▶ _DATA FOR THIS TASK_:
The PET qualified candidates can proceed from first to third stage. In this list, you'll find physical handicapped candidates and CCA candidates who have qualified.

==

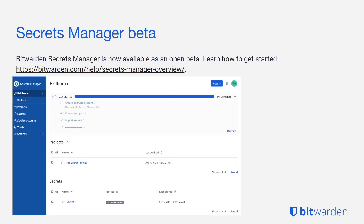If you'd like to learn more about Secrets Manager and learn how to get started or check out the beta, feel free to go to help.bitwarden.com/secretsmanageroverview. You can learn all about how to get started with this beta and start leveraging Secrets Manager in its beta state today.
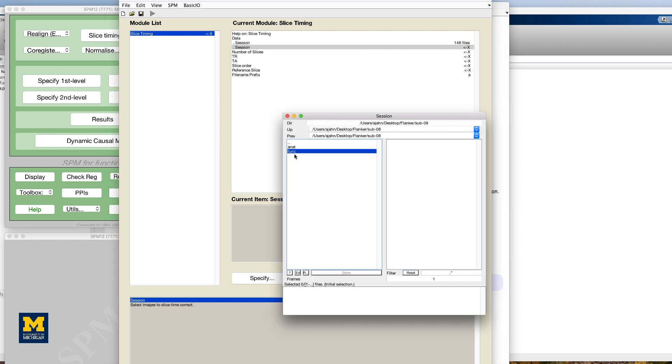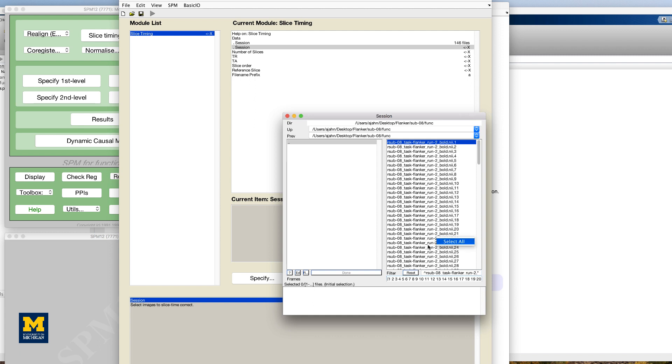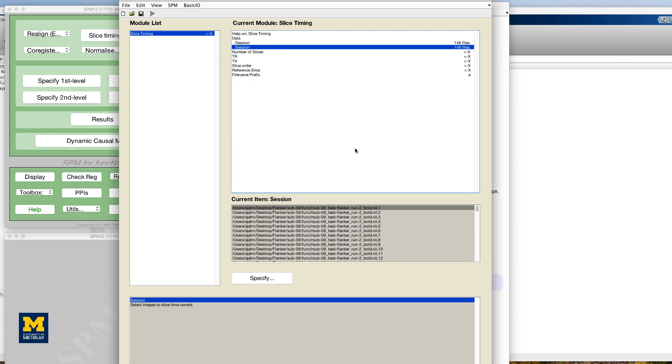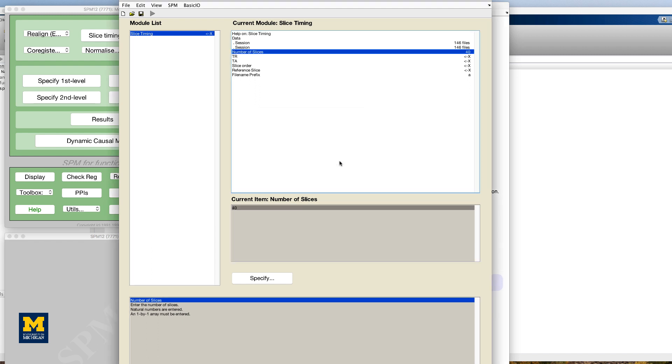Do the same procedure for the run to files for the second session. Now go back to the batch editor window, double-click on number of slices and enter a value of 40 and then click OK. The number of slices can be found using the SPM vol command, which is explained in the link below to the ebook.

▶ _WORK TO COMPLETE_: Return exactly the lines that appear in the data above between the line containing "If you'd like" and the line containing "Do the same", both of which are included, and leave the pictures out.

▶ _RESPONSE TO THE TASK_:
If you'd like to learn more about Secrets Manager and learn how to get started or check out the beta, feel free to go to help.bitwarden.com/secretsmanageroverview. You can learn all about how to get started with this beta and start leveraging Secrets Manager in its beta state today.
Do the same procedure for the run to files for the second session. Now go back to the batch editor window, double-click on number of slices and enter a value of 40 and then click OK. The number of slices can be found using the SPM vol command, which is explained in the link below to the ebook.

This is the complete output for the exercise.